- **Work instruction**: Each entry below should be output exactly, apart from its images.

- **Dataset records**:
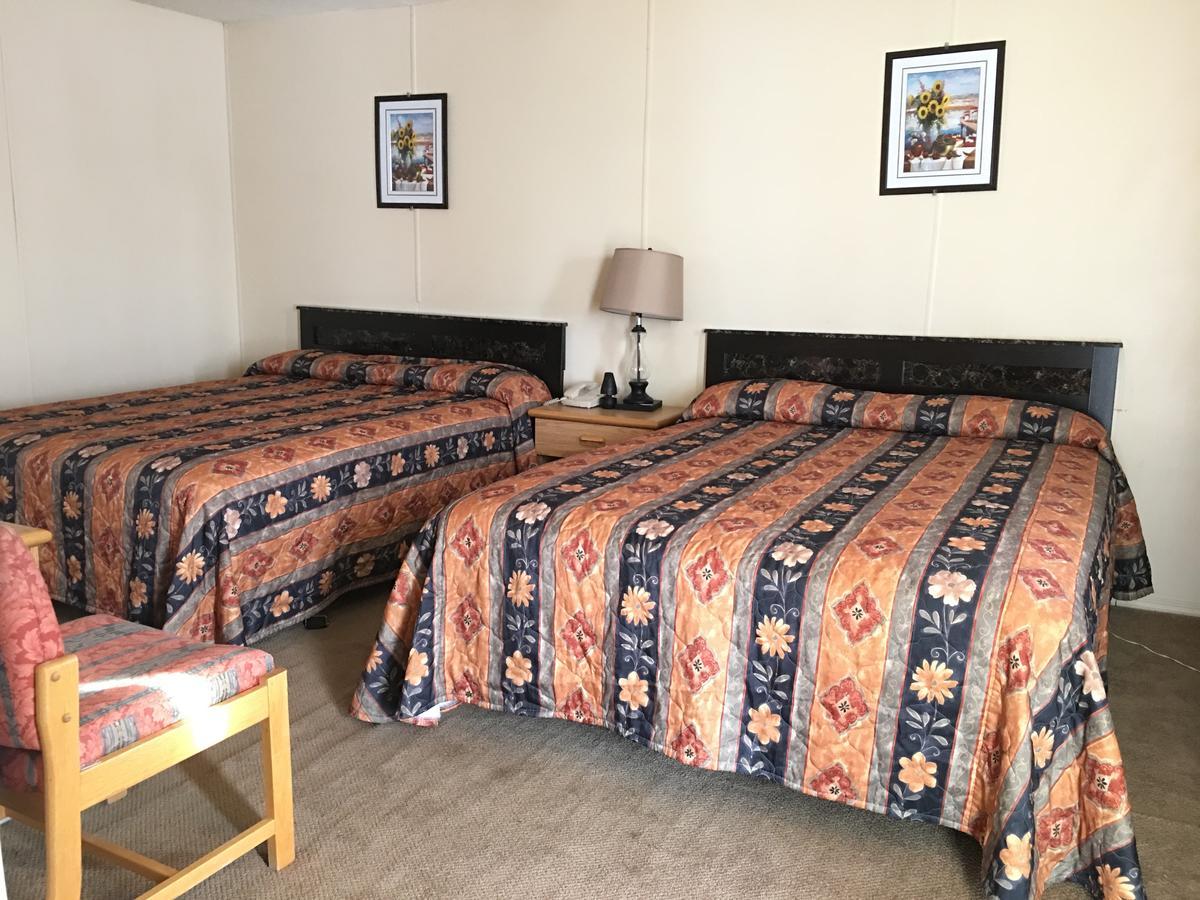 Bluebird Motel Innisfail 外观 照片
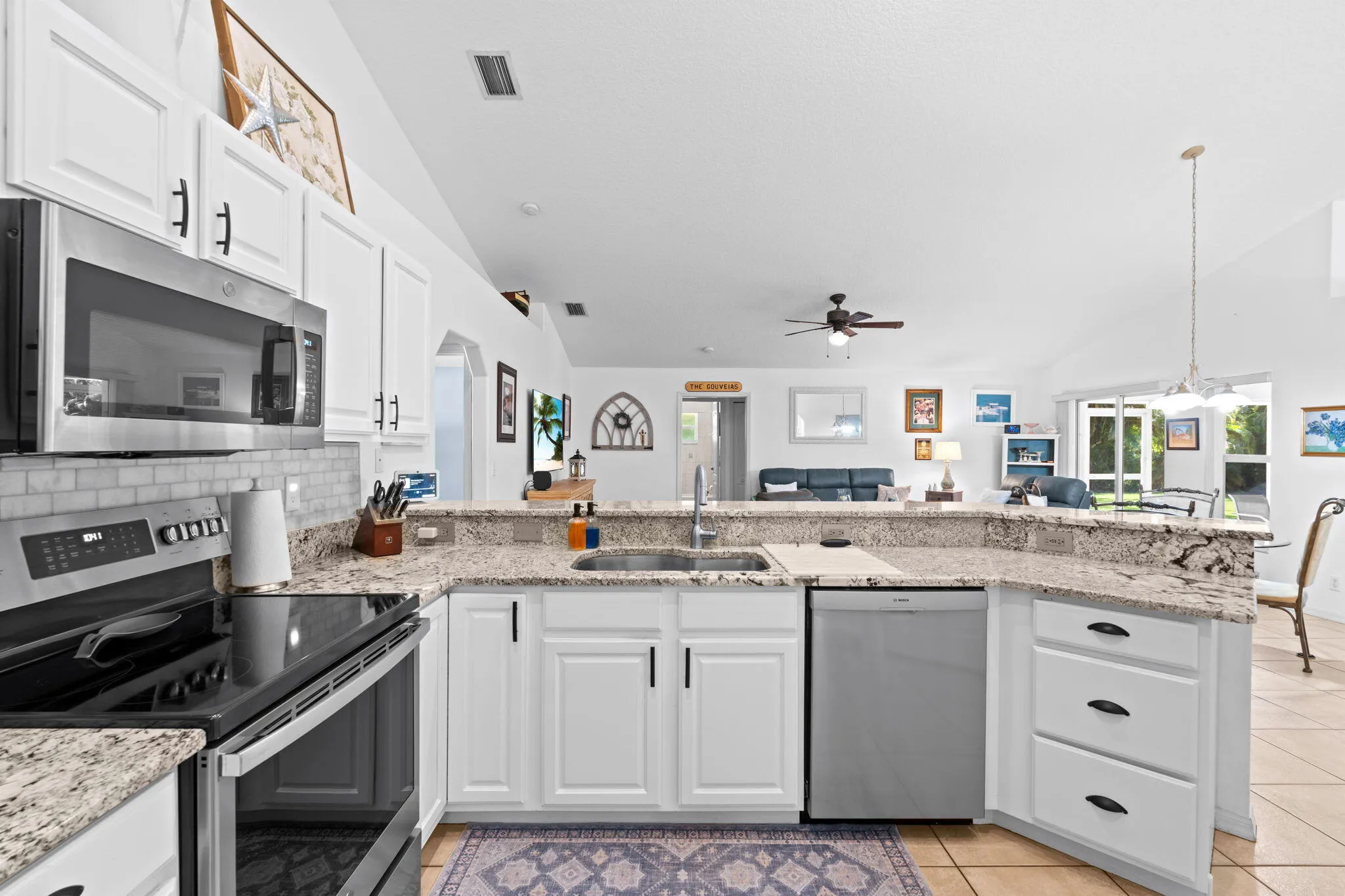 15-web-or-mls-A7401223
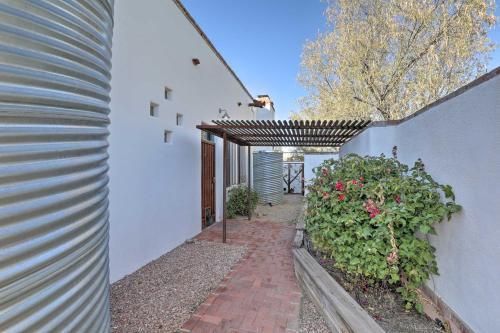 Contemporary Home With Yard - Walk To Uarizona!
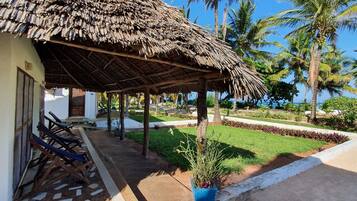 Chambre, 1 chambre, piscine privĂ©e | EntrĂ©e de lâhĂ©bergement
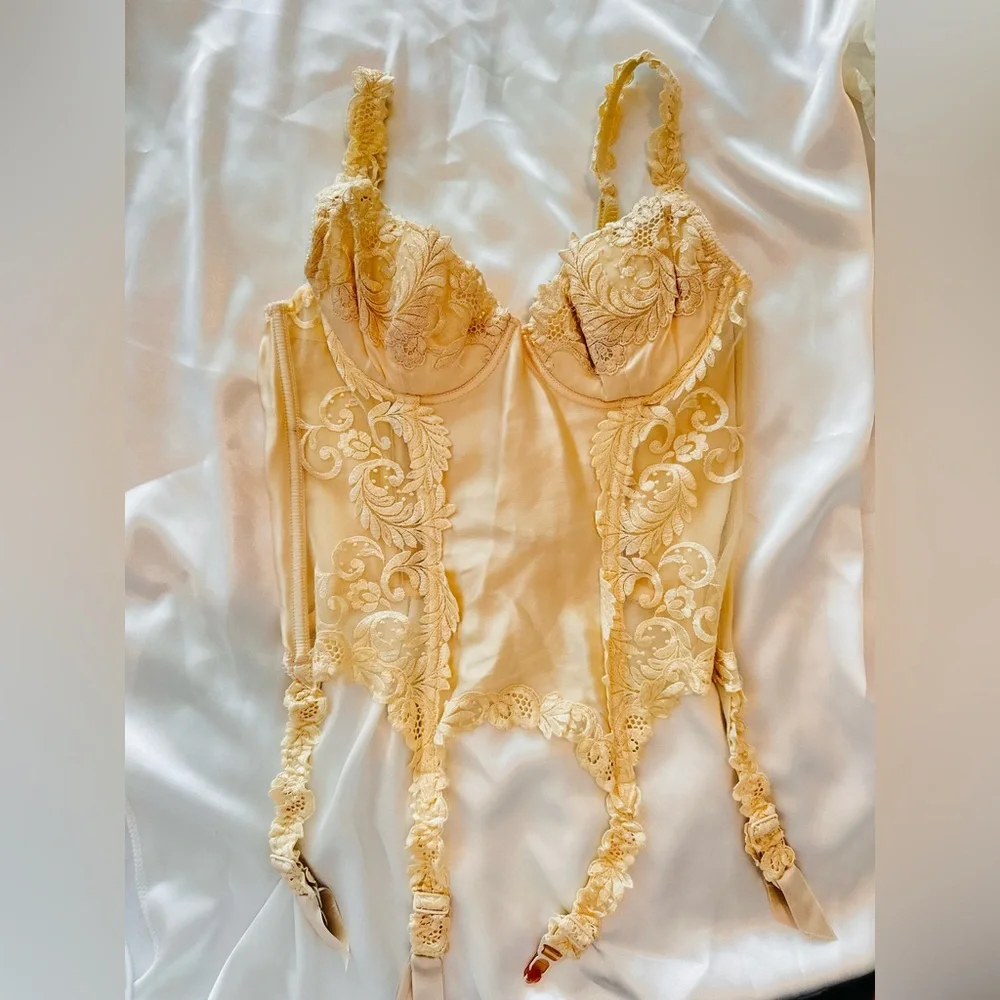 La Perla Gold label Elegant Cream Lace Bustier with garters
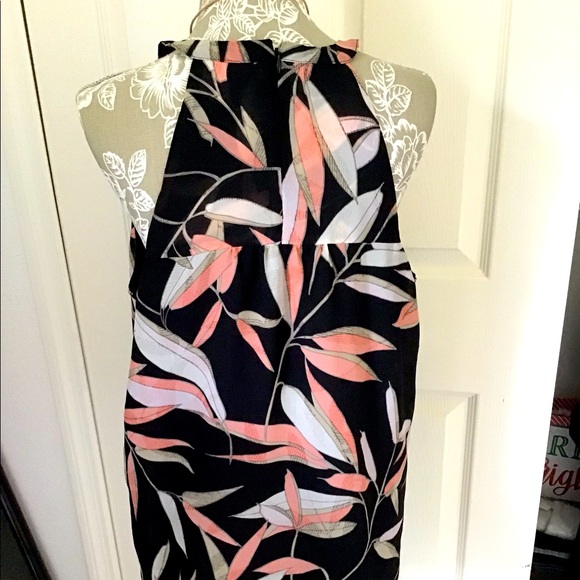 Banana republic top - Picture 2 of 4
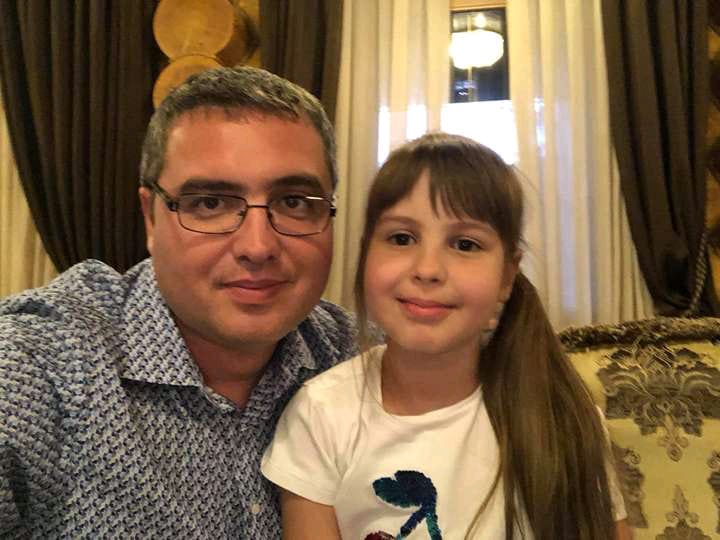 EB9685E8-16BC-4284-AF70-01F50414ADA7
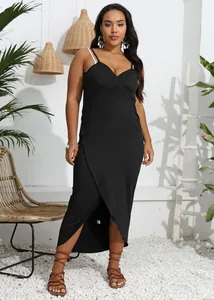 Schwarzes Wickelkleid in Übergröße mit unregelmäßigem Saum und Spaghettiträgern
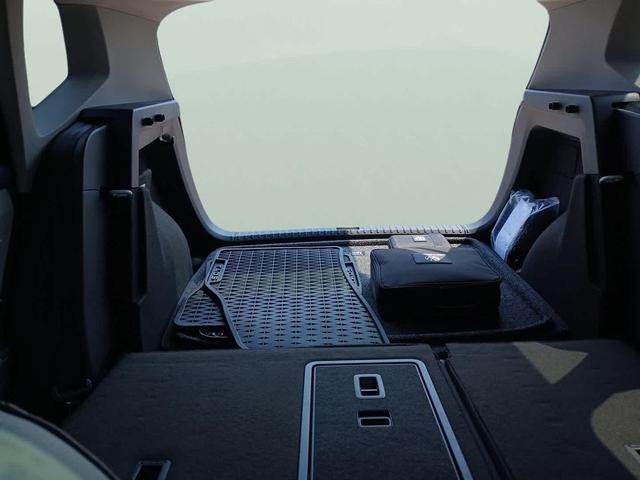 Photo of 2025 Pure White Volkswagen Taos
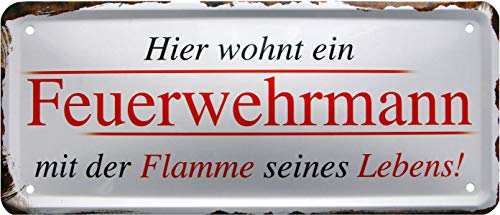 WOGEKA ART Retro Blechschild Hier wohnt EIN Feuerwehrmann mit der Flamme seines Lebens als Geschenk-Idee 28 x 12 cm Vintage-Deko-Schild aus Metall 03 von WOGEKA ART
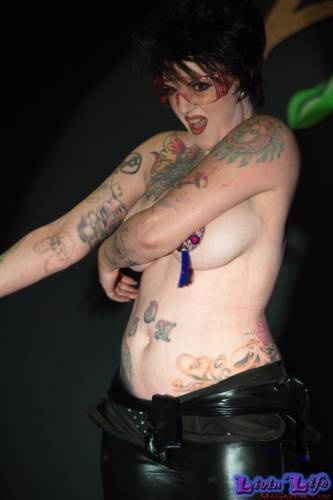 A Night of Burlesque - Heroes and Villains at ZenfiniTea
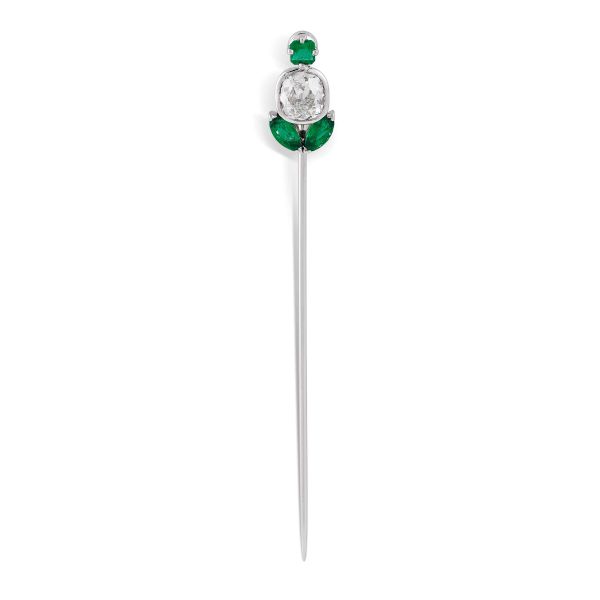 



DIAMOND AND EMERALD PIN IN 18KT WHITE GOLD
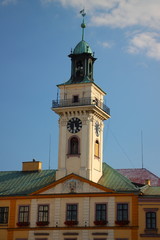 Zabytkowy ratusz w Cieszynie (Polska, województwo śląskie), wybudowany w 1496 roku, styl klasycystyczny.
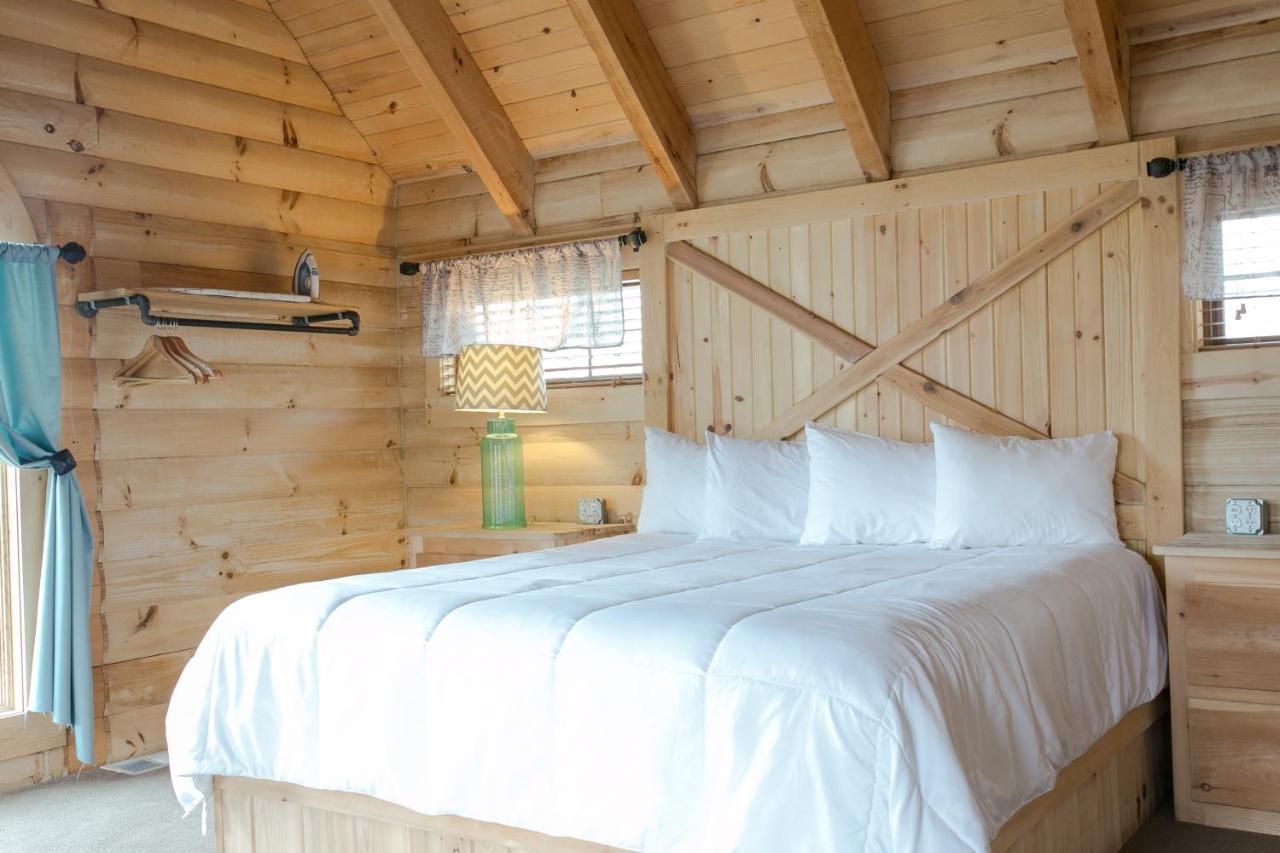Hummingbird Haven Cabin By Amish Country Lodging 柏林 外观 照片
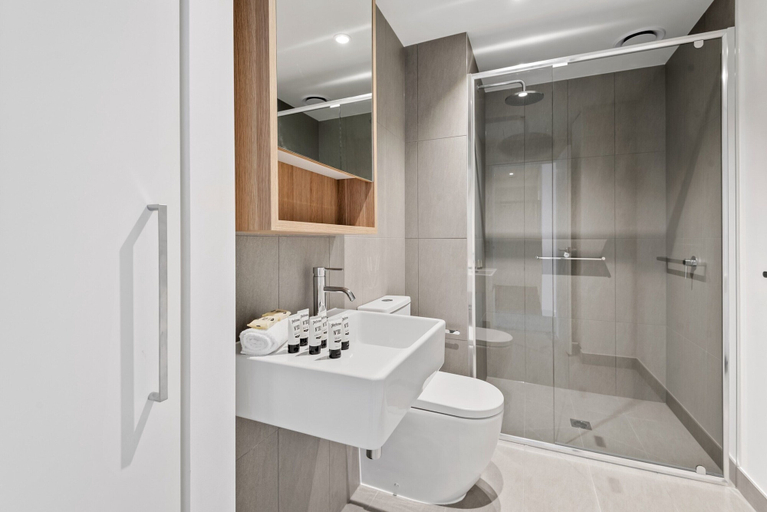Bathroom 5, 2-bed Inner-city Pad With Pool,, Melbourne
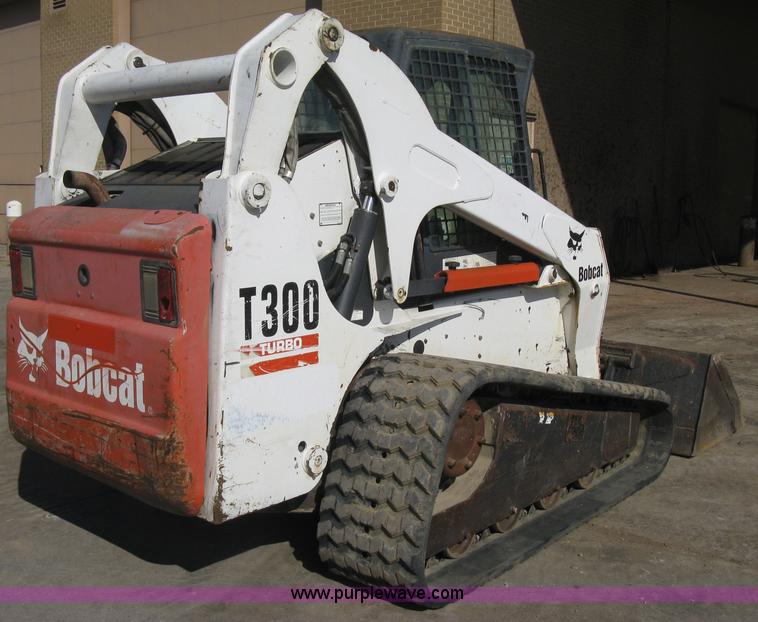 image for item H4481 2004 Bobcat T300 Turbo track skid steer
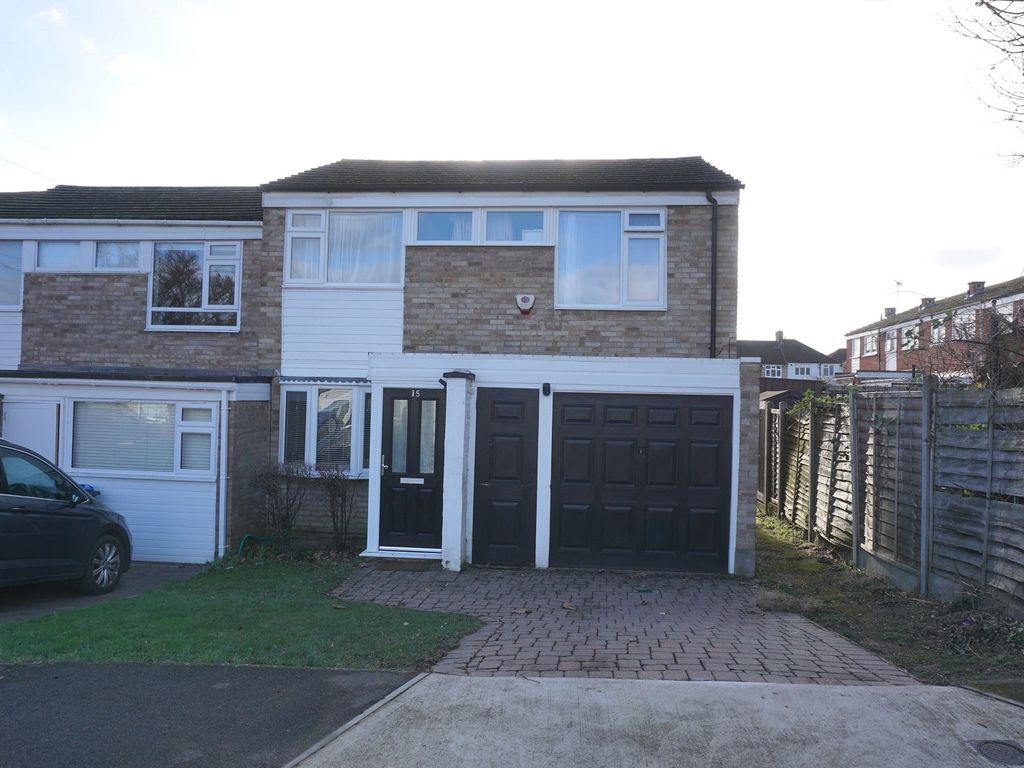 3 bed end terrace house for sale in Angus Close, Chessington, Surrey. KT9, £475,000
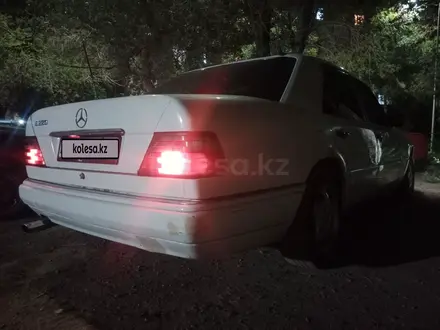 Mercedes-Benz E 220 1993 года за 1 600 000 тг. в Жезказган – фото 2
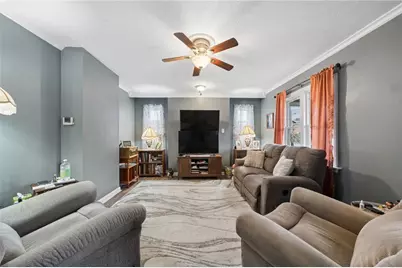 605 W Grant St, Houston, PA 15342 - Photo 7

- **Exercise solution**:
 Bluebird Motel Innisfail 外观 照片
 15-web-or-mls-A7401223
 Contemporary Home With Yard - Walk To Uarizona!
 Chambre, 1 chambre, piscine privĂ©e | EntrĂ©e de lâhĂ©bergement
 La Perla Gold label Elegant Cream Lace Bustier with garters
 Banana republic top - Picture 2 of 4
 EB9685E8-16BC-4284-AF70-01F50414ADA7
 Schwarzes Wickelkleid in Übergröße mit unregelmäßigem Saum und Spaghettiträgern
 Photo of 2025 Pure White Volkswagen Taos
 WOGEKA ART Retro Blechschild Hier wohnt EIN Feuerwehrmann mit der Flamme seines Lebens als Geschenk-Idee 28 x 12 cm Vintage-Deko-Schild aus Metall 03 von WOGEKA ART
 A Night of Burlesque - Heroes and Villains at ZenfiniTea



DIAMOND AND EMERALD PIN IN 18KT WHITE GOLD
 Zabytkowy ratusz w Cieszynie (Polska, województwo śląskie), wybudowany w 1496 roku, styl klasycystyczny.
Hummingbird Haven Cabin By Amish Country Lodging 柏林 外观 照片
Bathroom 5, 2-bed Inner-city Pad With Pool,, Melbourne
 image for item H4481 2004 Bobcat T300 Turbo track skid steer
 3 bed end terrace house for sale in Angus Close, Chessington, Surrey. KT9, £475,000
 Mercedes-Benz E 220 1993 года за 1 600 000 тг. в Жезказган – фото 2
 605 W Grant St, Houston, PA 15342 - Photo 7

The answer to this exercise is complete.